|
A Modest Proposal...
...for the Perfection of Nature
Vonda N. McIntyre
Included in Breaking Waves
The crop grows like endless golden silk. Wave
after wave rushes across plains, between mountains, through valleys, in
a tsunami of light.
Its harvest is perfection. It fills the nutritional needs of
every human being. It adapts to our tongues, creating the taste,
texture, and satisfaction of comfort food or dessert, crisp vegetables
or icy lemonade, sea cucumber or big game. It’s the pinnacle of the
genetic engineer’s art.
It’s the last and only living member of the plant kingdom on earth.
Solar cells cover slopes too steep and peaks too high for the
monoculture. The solar arrays flow in long, wide swaths of glass,
gleaming with a subtle iridescence, collecting sunlight. Our
civilization never runs short of power.
The flood of grain drowns marsh and desert, forest and plain,
bird and beast and insect. Land must serve to produce the crop;
creatures only nibble and trample and damage it, diverting resources
from the service of human beings. Even the immortality of rats and
cockroaches has failed.
The grain stops at the ocean’s beach. No rivers muddy the sea’s
surface or break the shoreline. The grain and the cities require fresh
water, and divert it before it wastes itself in the sea.
The tides wash up and back, smoothing the clean silver sand,
leaving it bare of tangled seaweed, of foraging seabirds or burrowing
clams, of the brown organic froth that dirtied it in earlier times. Now
and then the waves erase a line of human footprints, but these are very
rare.
The air is clear of any bite of iodine, any hint of pollution or decay.
The sea undulates, blue and green, clear as new glass. Sunlight
shimmers on its surface and dapples the bare sea floor. Underwater
turbines cast shadows on the sand. The tides power the turbines,
tapping the force of gravity.
Far from shore, where its colonies will not interrupt the
vista of clear water, a single species of cyanobacterium
photosynthesizes near the surface, pumping oxygen into the crystalline
air, controlling the level of carbon dioxide. Its design copes easily
with the increasing saltiness of the sea.
Except for the cyanobacteria, the ocean’s cacophony of
microscopic organisms has followed redwoods, mammoths, and Hallucigenia
into extinction. The krill are gone; krill would be of as little use to
people as sharks and seabirds, fish or jellyfish, seashells or whales.
They are all gone, too.
The water deepens beyond the reach of light. The continental shelf ends in a precipice, dropping off into darkness.

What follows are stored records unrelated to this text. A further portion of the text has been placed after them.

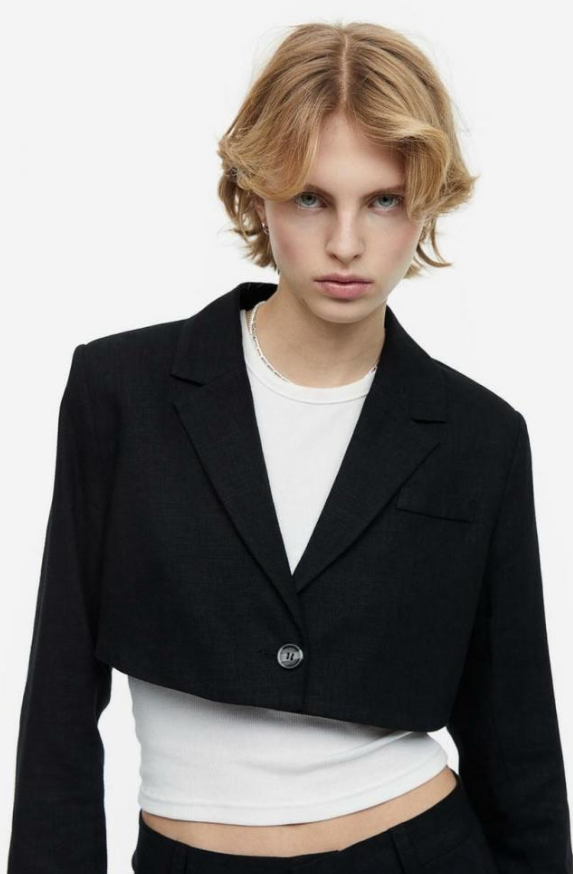 H&m - Cropped blazer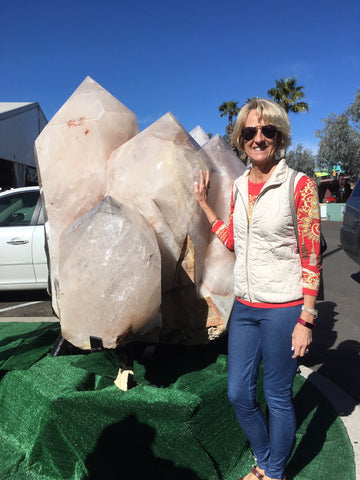 Heather with mineral specimen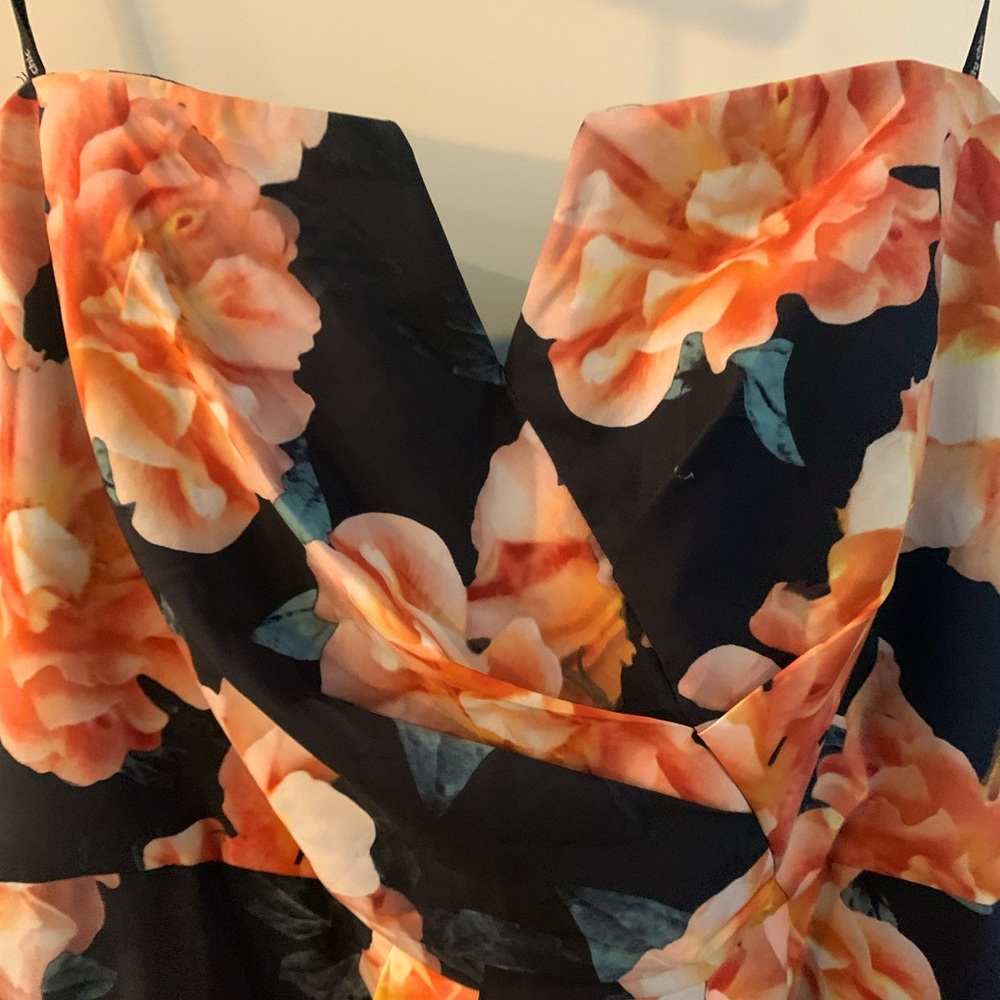 COPY - City Chic floral strapless cocktail size 18W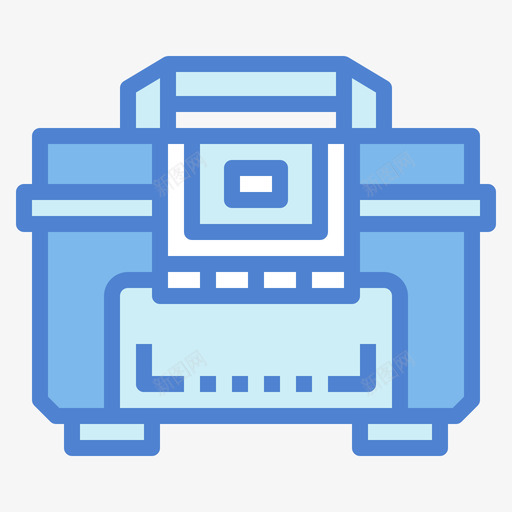 工具箱电工20蓝色svg_新图网 https://ixintu.com 工具箱 电工 蓝色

On the sea floor, the glass-lace shells of diatoms lie clean and
dead, slowly settling. In a moment of geologic time, they will form
white limestone.
In the deepest trenches, black smokers gush scalding chemical
soup. Machines sense the vents of heat, swim to them, and settle over
them to trap the energy of the center of the earth. Nothing remains for
the sustenance and evolution of primordial life in these extraordinary
environments.
The strange creatures who lived there, and died, were never any use to human beings.
All the resources of sea and land serve our needs.
Cities of alabaster and adamantine grace the crests of mountains
and span the flow of rivers. The cities’ people live rich, full lives,
long and healthy, free of disease. We are well fed. We have
interesting, challenging occupations and plenty of time for leisure,
family, and virtual reality. We can experience any adventure, from
wilderness to exotic ritual, without the expense, trouble, or danger of
travel. We can experience any adventure that ever happened, any
adventure anyone can imagine. The virtual experience matches reality or
invention in every way: sight, sound, smell; touch and movement.
Our civilization pulses with vitality. We have unlimited
opportunity: of thought, of achievement, of freedom, and of the pursuit
of happiness.
Whatever we require, human ingenuity can invent and provide.
And if in some unlikely but imaginable future we should wish to
recreate any organism, the means to do so exist. DNA sequences, RNA
sequences, are easy to write down and archive; there is no need to
store messy biological material, either tough and persistent DNA or
fragile and degradable RNA. We are magnanimous; we have preserved the
blueprints for everything, even parasites and pathogens.
No one has bothered to recreate an organism in a very long
time. We have considered the question long and hard, and we have made
our decision. No creation of nature has an inherent right to exist,
independent of our need.
We have perfected nature, for we are its masters.